In the social sciences there is a hypothesis, popularly known as Dunbar’s number, which holds that there is a limit to the number of people an individual can maintain meaningful relationships with, which is approximately 150. According to its proponent, anthropologist Robin Dunbar, it is “the number of people you would not feel embarrassed about joining uninvited for a drink if you happened to bump into them in a bar.” Interestingly, this number has been supported by observations in society: it is the size of hunter-gatherer clans, Western military units throughout history, and the offices of firms with nonhierarchical organizational structures, among others.

I was reminded of this concept in my recollection of the year 2014. It was a year of significant change for me: I graduated from university, starting working at a corporate job, and relocated to a city across the metropolis. The people I see on a day-to-day basis now is a very much different set of faces from those I was used to seeing earlier in the year.

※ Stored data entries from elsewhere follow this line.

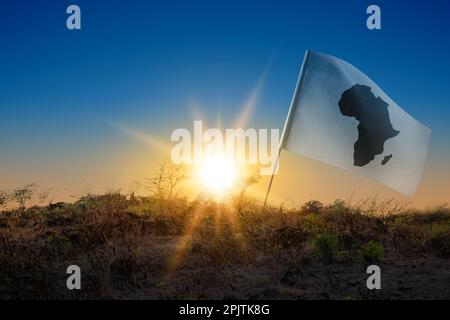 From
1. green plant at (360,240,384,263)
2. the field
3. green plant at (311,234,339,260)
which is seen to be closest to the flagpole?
the field

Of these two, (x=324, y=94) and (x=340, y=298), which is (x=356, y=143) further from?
(x=340, y=298)

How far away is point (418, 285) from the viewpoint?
7227mm

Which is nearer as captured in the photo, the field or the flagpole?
the field

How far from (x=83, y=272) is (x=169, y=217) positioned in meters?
4.59

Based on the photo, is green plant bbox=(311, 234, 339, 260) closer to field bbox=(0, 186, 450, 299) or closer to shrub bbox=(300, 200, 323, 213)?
field bbox=(0, 186, 450, 299)

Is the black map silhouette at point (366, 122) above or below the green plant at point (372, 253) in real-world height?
above

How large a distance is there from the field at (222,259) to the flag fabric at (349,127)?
159 cm

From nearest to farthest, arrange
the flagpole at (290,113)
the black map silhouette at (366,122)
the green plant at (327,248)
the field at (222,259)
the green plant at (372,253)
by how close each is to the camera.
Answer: the field at (222,259)
the green plant at (372,253)
the green plant at (327,248)
the black map silhouette at (366,122)
the flagpole at (290,113)

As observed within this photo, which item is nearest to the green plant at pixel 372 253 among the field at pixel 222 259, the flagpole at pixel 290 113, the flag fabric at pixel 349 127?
the field at pixel 222 259

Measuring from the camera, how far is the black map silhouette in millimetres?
10070

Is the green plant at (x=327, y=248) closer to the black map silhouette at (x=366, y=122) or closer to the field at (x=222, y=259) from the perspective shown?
the field at (x=222, y=259)

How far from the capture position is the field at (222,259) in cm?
704

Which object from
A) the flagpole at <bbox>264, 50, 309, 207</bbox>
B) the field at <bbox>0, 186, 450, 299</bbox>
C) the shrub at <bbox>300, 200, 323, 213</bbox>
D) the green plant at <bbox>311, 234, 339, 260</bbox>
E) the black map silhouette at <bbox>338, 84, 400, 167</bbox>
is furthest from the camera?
the shrub at <bbox>300, 200, 323, 213</bbox>

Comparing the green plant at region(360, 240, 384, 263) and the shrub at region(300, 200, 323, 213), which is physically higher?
the shrub at region(300, 200, 323, 213)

Dunbar’s number is fascinating because it is a scientific formulation of the common-sense knowledge that we can have only so many friends. Dunbar, who came up with the statistic for humans by studying other primates and then correlating the brain sizes of species with their corresponding social group sizes, delivered a concrete number to account for social circles. It converted the questionable activity of counting one’s friends into a legitimate matter of economics. (In fact, in relation to Dunbar’s number, social scientists use such terms as ‘social capital’.)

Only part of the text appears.